I come across bar and restaurant owners all the time that are unable to calculate their food cost/margin or their beverage cost/margin. These simplest of calculations can be done on the back of a napkin. I’ll try to explain each aspect of it here as simply as possible:
Whether you run a steak and seafood restaurant, a family restaurant, a pub or a martini bar, you need to know what your food cost is.
The basic food cost calculation itself is simple:
Opening Inventory Value + Cost of Purchases – Closing Inventory Value = Usage Amount
Usage Amount / Sales Revenue = Cost of Goods Sold (%)
This formula can be used to calculate your food cost anytime you want to: monthly, weekly or daily. We will use this formula to calculate a weekly food cost.

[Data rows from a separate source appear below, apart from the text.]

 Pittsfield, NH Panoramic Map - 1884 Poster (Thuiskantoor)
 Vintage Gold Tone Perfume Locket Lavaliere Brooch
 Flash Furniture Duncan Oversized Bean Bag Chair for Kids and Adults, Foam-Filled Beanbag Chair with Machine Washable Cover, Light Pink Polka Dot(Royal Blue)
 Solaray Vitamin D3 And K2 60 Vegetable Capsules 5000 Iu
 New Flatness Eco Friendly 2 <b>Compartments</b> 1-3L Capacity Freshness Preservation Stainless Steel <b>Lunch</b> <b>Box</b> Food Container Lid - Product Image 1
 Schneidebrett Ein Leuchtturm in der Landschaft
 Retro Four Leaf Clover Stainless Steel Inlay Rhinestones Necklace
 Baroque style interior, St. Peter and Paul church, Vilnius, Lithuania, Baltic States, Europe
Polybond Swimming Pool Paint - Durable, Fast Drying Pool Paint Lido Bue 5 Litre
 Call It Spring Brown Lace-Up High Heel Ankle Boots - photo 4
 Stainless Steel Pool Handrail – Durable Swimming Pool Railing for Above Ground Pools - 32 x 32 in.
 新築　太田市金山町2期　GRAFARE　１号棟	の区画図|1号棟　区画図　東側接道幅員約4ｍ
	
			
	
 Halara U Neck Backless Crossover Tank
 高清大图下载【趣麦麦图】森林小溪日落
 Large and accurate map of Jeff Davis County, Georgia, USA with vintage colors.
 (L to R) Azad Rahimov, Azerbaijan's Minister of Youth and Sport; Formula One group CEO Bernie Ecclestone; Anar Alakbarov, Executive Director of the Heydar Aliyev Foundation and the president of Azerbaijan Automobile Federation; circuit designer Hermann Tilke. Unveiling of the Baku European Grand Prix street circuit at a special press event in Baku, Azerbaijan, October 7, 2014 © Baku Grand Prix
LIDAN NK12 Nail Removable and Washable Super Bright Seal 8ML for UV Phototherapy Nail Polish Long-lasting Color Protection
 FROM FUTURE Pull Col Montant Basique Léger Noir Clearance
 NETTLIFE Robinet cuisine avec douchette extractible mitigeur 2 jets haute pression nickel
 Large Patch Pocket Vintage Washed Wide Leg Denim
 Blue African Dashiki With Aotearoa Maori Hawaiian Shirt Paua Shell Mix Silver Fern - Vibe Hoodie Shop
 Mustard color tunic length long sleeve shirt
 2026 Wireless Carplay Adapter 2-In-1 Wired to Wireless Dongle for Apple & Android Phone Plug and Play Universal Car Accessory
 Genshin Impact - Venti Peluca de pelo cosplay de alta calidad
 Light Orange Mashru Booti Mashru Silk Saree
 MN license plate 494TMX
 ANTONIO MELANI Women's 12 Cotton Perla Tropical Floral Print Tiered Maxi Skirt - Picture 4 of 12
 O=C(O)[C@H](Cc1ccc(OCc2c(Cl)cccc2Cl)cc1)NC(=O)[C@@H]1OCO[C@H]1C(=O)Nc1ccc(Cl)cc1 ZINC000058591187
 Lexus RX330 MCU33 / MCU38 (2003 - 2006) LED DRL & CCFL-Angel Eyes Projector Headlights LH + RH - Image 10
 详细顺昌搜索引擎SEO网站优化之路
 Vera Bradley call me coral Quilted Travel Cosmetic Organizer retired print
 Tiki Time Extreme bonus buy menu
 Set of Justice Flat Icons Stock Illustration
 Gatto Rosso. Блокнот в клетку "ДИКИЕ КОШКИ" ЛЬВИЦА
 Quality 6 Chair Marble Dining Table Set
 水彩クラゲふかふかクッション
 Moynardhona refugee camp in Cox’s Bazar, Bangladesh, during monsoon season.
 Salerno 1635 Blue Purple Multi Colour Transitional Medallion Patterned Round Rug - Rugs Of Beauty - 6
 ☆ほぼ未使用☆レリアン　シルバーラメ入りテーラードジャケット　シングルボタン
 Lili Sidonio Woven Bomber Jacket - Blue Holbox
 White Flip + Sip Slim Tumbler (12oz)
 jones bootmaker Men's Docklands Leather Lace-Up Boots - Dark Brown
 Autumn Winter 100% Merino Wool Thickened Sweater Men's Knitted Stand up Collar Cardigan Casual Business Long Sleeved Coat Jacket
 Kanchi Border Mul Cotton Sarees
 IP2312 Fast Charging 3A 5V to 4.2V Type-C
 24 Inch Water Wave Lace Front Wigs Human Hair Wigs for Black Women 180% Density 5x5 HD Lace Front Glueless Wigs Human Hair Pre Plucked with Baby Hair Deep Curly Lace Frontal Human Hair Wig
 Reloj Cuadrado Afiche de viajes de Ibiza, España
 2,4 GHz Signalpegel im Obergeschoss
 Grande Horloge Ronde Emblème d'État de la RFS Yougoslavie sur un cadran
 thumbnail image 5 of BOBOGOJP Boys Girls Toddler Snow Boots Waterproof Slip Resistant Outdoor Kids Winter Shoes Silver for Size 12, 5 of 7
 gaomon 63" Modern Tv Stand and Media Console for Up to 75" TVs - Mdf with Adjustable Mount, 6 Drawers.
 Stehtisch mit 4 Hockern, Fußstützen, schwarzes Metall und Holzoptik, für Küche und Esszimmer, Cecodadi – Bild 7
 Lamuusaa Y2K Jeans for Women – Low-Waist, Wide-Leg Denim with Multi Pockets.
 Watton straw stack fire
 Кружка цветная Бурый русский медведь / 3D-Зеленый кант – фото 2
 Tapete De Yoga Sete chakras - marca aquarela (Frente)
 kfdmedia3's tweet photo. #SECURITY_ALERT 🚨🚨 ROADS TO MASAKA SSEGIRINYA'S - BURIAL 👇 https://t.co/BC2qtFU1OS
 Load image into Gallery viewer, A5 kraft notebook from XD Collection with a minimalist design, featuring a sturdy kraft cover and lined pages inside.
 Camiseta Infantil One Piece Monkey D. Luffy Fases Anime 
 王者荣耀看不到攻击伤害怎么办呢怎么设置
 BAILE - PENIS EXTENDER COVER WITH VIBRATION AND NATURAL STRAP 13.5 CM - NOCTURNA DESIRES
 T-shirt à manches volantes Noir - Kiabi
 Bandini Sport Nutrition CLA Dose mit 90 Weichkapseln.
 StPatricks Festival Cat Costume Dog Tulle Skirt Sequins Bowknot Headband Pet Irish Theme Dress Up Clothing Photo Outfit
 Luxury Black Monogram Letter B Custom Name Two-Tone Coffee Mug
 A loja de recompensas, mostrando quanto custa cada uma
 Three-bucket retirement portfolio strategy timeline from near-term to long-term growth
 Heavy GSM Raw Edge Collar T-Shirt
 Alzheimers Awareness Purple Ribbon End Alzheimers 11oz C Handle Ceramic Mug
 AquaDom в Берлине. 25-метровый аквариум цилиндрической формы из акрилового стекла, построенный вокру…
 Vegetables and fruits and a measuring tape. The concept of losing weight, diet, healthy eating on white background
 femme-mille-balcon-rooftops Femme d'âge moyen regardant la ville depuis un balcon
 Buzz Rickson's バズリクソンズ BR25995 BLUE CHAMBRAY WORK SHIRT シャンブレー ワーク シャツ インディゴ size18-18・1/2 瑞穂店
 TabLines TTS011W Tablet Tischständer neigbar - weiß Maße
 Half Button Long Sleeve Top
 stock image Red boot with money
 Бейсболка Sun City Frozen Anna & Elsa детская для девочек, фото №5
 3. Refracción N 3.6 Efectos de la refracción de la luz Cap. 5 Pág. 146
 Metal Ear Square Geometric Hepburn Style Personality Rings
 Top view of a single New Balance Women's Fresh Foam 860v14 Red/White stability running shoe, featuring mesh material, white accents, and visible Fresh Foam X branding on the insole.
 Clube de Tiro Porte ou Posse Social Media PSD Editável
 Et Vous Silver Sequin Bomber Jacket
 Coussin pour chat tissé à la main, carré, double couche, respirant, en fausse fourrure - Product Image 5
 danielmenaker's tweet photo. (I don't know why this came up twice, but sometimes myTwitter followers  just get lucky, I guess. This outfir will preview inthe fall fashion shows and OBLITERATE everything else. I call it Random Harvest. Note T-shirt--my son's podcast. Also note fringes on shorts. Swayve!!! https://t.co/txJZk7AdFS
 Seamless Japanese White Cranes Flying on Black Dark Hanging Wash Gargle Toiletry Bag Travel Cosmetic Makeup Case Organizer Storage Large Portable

First, you need to collect the information that is required to do your food cost calculation.
You will need to have done a physical inventory of your stock, and you will need to add up your purchases for the week. You will also need to have your food sales for the week available.
Your opening inventory is the dollar value of what you began your week with. If you do a regular food cost calculation, your opening values will be the last closing value you had.
Your purchases amount is the dollar value of whatever you purchased during the week.
Your closing inventory dollars is the value of what is still in stock at the end of your week.
When you add your opening inventory and your purchases, you calculate the total product that you purchased for the week. When you subtract your closing inventory, you end up with your usage for the week.
Because your closing inventory is still in stock, you need to subtract it from the equation, because even though you purchased it in that cycle, you haven’t used it yet.
Then you take your usage and divide that by your food sales for the week. The percentage you arrive at is your food cost.
Here is an example of how this calculation works:
Opening Inventory: $10,300
Closing Inventory: $8,200
Food Sales: $22,000
Using our formula, your food cost would be calculated in the following way:
$10,300 + $5,500 – $8,200 = $7,600
$7,600 / $22,000 = 34.55 %
In this example, you began with $10,300 of food product in stock. You purchased $5,500 through the course of the week, and at the end of the week you did a physical inventory and determined that you still have $8,200 of product in stock.
Therefore, your usage for the week was $7,600.